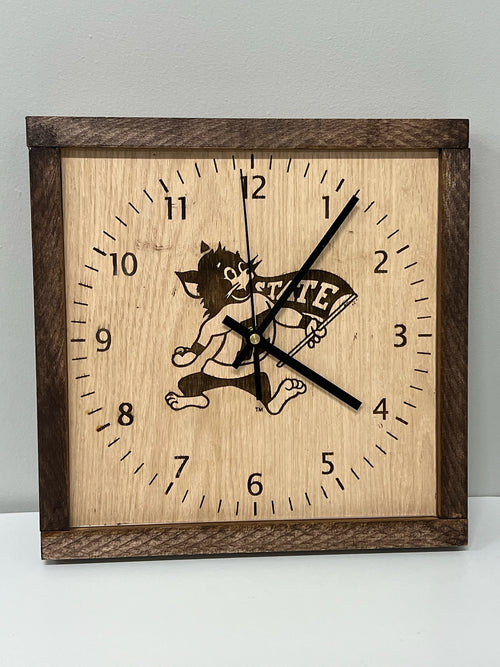 K-State Wall Clock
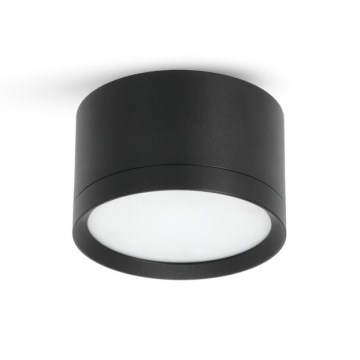 Virziena gaismeklis OH12S, 1x GX53/35W/230V, 5 cm, melns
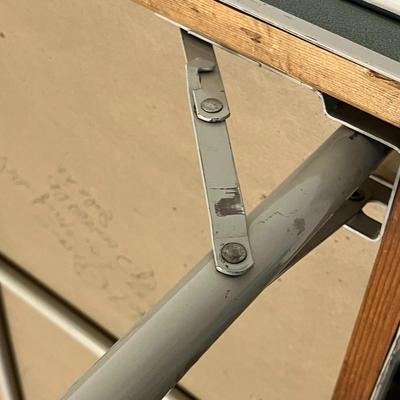 Vintage 1950's Samson Folding Card Table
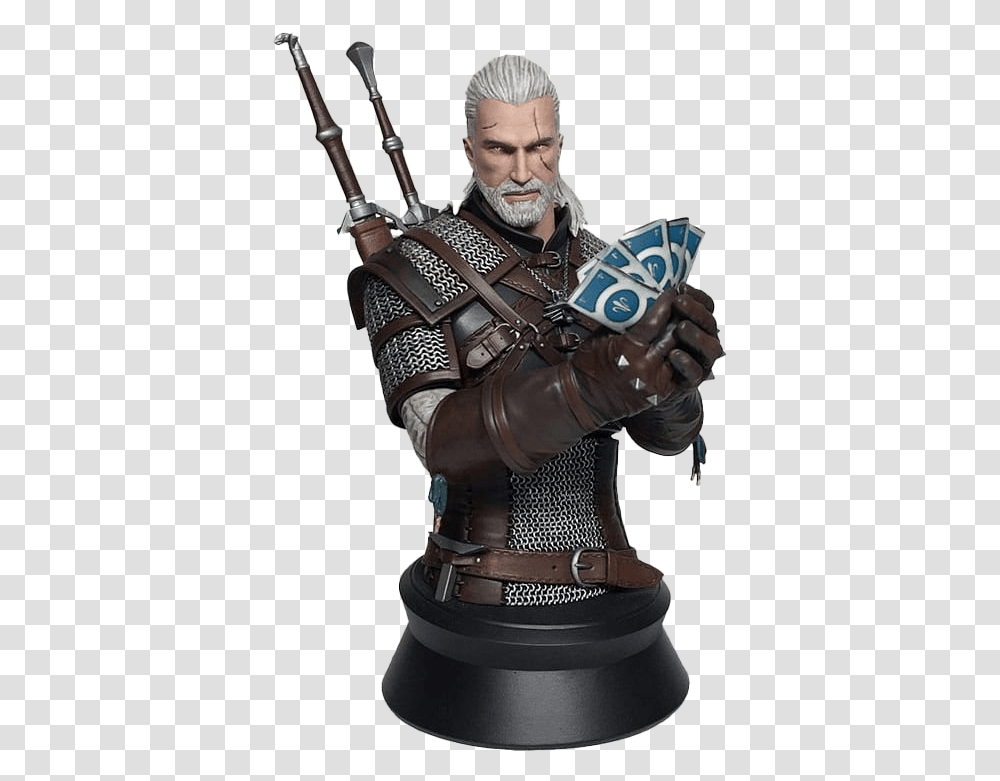 The Witcher Game Clipart Witcher 3 Geralt, Person, Human, Knight, Armor Transparent Png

▶ _Activity_
Skip the pictures; extract only the lines from the line with "Vintage 1950's Samson Folding Card Table" through the final line of the material, exactly as they appear.

▶ _Exercise response_
 Vintage 1950's Samson Folding Card Table
 The Witcher Game Clipart Witcher 3 Geralt, Person, Human, Knight, Armor Transparent Png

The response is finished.